> WORK TASK
Could you set down exactly the lines of the data below, starting at the one that holds "Adıyaman Belediye Başkanı" and ending at the one that holds "Villa for rent", both included, and only those?

> EXCERPTED RECORDS
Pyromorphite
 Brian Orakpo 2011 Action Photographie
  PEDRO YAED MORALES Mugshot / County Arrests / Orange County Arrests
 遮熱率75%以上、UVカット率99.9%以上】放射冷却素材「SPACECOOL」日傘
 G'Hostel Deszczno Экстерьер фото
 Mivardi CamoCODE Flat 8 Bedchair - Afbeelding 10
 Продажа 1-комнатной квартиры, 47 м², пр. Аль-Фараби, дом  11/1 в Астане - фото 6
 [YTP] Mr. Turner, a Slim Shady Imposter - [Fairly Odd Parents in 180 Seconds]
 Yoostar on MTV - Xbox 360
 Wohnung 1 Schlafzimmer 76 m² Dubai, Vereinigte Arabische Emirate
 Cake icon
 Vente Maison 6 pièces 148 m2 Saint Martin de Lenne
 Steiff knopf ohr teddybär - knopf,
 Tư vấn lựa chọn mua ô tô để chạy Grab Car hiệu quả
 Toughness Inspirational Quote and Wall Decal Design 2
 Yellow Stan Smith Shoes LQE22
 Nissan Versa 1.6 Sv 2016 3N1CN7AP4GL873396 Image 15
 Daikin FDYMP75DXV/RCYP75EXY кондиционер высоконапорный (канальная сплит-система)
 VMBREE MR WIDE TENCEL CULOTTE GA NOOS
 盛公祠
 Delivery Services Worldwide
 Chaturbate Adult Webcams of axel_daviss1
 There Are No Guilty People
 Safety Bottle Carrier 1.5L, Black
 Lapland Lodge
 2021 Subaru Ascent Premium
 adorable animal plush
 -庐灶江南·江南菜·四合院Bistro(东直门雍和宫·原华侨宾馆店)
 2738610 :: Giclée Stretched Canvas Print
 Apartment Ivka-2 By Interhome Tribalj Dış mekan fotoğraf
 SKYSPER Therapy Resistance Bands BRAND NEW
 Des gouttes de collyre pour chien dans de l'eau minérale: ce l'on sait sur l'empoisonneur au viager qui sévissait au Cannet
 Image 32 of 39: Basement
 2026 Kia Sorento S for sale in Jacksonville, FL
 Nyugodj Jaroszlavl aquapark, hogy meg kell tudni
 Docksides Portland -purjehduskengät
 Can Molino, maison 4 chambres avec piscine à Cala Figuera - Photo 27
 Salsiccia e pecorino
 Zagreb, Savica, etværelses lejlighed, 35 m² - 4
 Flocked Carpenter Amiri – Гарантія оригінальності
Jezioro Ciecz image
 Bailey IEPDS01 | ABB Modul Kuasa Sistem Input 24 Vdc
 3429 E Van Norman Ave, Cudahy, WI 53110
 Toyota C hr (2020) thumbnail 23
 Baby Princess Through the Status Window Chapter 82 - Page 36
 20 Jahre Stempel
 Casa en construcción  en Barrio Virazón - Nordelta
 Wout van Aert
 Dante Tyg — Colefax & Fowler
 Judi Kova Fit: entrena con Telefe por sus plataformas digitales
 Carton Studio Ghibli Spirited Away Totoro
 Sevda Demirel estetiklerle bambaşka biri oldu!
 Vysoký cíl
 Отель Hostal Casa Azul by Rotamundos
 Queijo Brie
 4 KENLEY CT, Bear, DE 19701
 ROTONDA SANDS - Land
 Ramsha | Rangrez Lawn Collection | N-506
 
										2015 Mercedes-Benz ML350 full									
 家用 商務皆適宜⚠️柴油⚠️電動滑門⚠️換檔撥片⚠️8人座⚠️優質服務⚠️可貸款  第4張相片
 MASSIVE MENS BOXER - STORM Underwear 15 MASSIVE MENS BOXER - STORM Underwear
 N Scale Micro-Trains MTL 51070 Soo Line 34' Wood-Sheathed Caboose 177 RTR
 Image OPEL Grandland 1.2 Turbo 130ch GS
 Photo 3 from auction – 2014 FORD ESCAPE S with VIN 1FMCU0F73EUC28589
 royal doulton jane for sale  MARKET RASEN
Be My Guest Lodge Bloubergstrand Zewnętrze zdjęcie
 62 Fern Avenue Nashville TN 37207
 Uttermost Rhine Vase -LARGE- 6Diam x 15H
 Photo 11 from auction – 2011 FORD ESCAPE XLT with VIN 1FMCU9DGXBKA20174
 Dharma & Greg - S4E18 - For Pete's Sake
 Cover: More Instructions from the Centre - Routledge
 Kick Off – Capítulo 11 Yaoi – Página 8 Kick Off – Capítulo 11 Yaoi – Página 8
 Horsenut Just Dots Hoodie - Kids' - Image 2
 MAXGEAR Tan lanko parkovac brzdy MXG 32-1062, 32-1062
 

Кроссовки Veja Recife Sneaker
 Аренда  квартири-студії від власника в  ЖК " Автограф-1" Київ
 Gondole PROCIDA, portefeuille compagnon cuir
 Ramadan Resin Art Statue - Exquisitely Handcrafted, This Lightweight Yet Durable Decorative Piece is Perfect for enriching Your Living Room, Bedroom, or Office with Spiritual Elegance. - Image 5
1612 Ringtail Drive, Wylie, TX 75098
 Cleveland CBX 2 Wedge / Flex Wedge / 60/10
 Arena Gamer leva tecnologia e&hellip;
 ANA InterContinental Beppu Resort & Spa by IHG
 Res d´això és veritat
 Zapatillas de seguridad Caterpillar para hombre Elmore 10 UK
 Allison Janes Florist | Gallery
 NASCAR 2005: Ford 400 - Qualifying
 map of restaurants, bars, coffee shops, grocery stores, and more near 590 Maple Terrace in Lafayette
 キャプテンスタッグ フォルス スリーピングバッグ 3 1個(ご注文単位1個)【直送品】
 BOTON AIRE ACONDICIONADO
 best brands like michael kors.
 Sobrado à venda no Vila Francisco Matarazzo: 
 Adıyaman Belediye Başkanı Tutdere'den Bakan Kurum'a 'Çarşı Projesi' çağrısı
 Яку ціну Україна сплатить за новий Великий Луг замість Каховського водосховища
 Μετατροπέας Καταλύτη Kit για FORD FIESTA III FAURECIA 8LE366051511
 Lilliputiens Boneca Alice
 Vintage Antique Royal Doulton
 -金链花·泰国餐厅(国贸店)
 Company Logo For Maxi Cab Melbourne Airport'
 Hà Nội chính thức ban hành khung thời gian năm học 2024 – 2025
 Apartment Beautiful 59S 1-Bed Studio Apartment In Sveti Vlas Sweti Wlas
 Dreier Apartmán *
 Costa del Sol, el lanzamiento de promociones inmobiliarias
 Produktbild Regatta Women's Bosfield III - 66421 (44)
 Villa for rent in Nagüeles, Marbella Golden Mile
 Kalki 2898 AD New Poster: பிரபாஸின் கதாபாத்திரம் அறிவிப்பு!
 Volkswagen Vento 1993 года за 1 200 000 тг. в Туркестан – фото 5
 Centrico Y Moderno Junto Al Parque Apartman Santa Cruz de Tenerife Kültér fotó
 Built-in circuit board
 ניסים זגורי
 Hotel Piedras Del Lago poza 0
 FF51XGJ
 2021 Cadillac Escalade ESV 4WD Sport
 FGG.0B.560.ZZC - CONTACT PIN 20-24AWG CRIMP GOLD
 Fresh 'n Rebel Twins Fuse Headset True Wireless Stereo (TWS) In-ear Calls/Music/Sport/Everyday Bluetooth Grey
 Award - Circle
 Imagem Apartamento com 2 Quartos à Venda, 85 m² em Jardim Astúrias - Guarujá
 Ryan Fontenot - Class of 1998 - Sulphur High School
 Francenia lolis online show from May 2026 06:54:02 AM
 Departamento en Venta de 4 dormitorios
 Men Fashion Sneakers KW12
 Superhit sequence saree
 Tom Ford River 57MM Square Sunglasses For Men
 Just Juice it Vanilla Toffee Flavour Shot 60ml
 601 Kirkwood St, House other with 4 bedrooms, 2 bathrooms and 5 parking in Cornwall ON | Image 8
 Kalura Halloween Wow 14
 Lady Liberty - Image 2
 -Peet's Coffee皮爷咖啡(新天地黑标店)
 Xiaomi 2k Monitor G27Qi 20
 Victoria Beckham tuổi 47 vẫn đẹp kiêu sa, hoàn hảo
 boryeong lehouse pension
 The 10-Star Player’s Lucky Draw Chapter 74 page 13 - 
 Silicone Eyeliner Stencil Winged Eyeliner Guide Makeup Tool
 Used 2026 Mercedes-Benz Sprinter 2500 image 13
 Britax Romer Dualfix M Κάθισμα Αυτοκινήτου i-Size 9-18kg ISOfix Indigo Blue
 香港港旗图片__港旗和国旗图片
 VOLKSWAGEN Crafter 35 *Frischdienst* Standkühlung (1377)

> ANSWER
 Adıyaman Belediye Başkanı Tutdere'den Bakan Kurum'a 'Çarşı Projesi' çağrısı
 Яку ціну Україна сплатить за новий Великий Луг замість Каховського водосховища
 Μετατροπέας Καταλύτη Kit για FORD FIESTA III FAURECIA 8LE366051511
 Lilliputiens Boneca Alice
 Vintage Antique Royal Doulton
 -金链花·泰国餐厅(国贸店)
 Company Logo For Maxi Cab Melbourne Airport'
 Hà Nội chính thức ban hành khung thời gian năm học 2024 – 2025
 Apartment Beautiful 59S 1-Bed Studio Apartment In Sveti Vlas Sweti Wlas
 Dreier Apartmán *
 Costa del Sol, el lanzamiento de promociones inmobiliarias
 Produktbild Regatta Women's Bosfield III - 66421 (44)
 Villa for rent in Nagüeles, Marbella Golden Mile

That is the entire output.